PROBLEM REQUIREMENTS
An exact transcription is needed, starting at the line containing "Vocaloid Covers and Songs ポスター" and running through the last line of the records, with every picture left out.

Records from a dataset

=== Section Start ===

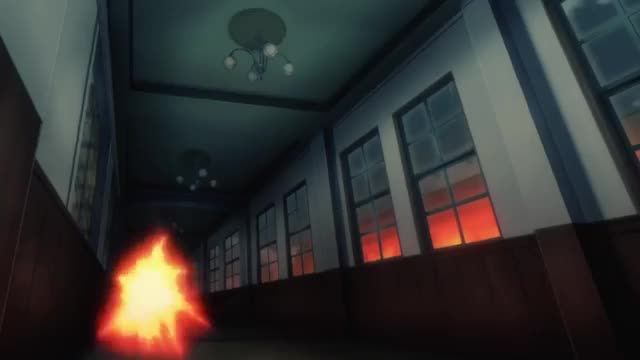 Kage no Jitsuryokusha ni Naritakute! Episodio 9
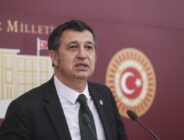 Cumhuriyet Halk Partisi Edirne Milletvekili Doç. Dr. Okan Gaytancıoğlu: “KÖYLÜLERİMİZİN ARAZİLERİNE GÖZ KOYANLAR HESAP VERECEK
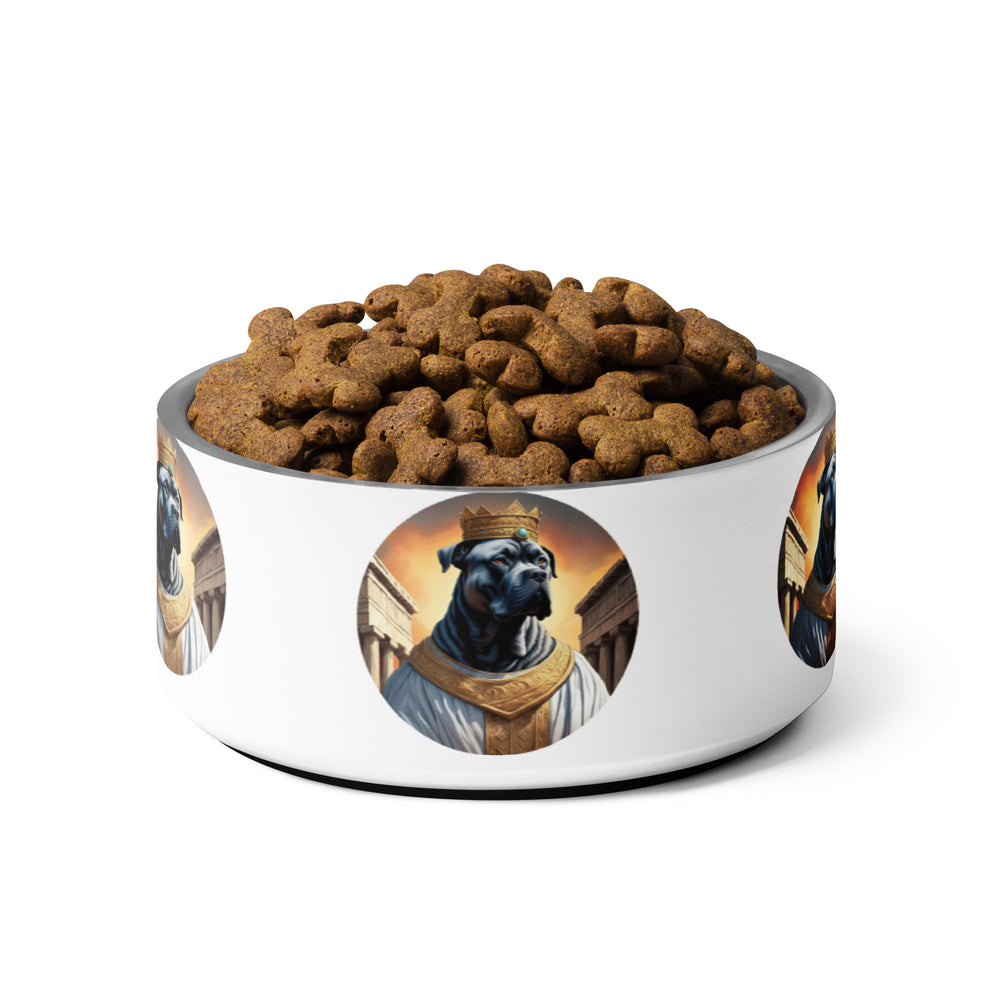 Pet bowl-Cane Corso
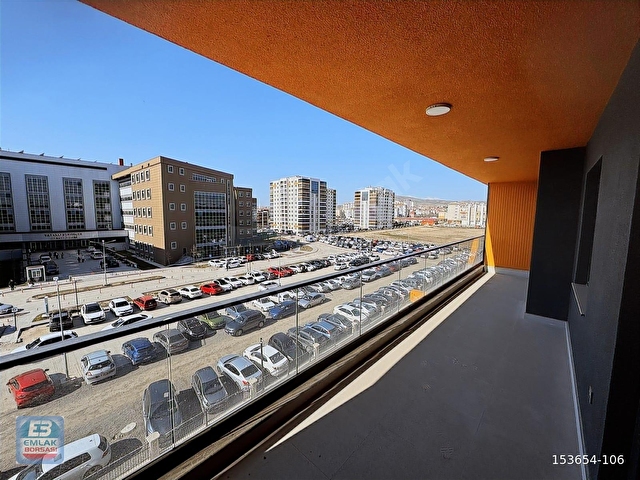EMLAK BORSASINDA,2+1-KAPALI OTOPARK-2 BANYO- GENİŞ BALKON - Görsel 15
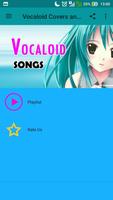 Vocaloid Covers and Songs ポスター
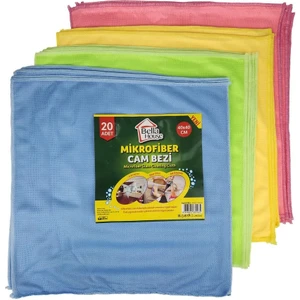 Beltaş Group Mikrofiber Cam Bezi 40*40CM (1 Adet)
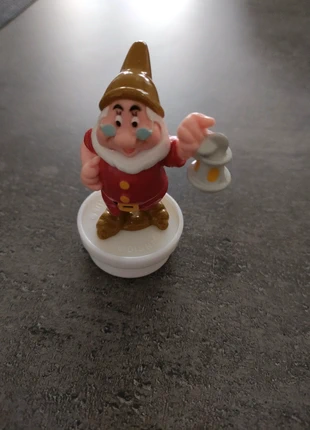 figurine Prof des 7 nains, brand: Nestlé, condition: Very good, size: One size, €1.50, €2.28 includes Buyer Protection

=== Section End ===

SOLUTION FOR THIS TASK
 Vocaloid Covers and Songs ポスター
 Beltaş Group Mikrofiber Cam Bezi 40*40CM (1 Adet)
 figurine Prof des 7 nains, brand: Nestlé, condition: Very good, size: One size, €1.50, €2.28 includes Buyer Protection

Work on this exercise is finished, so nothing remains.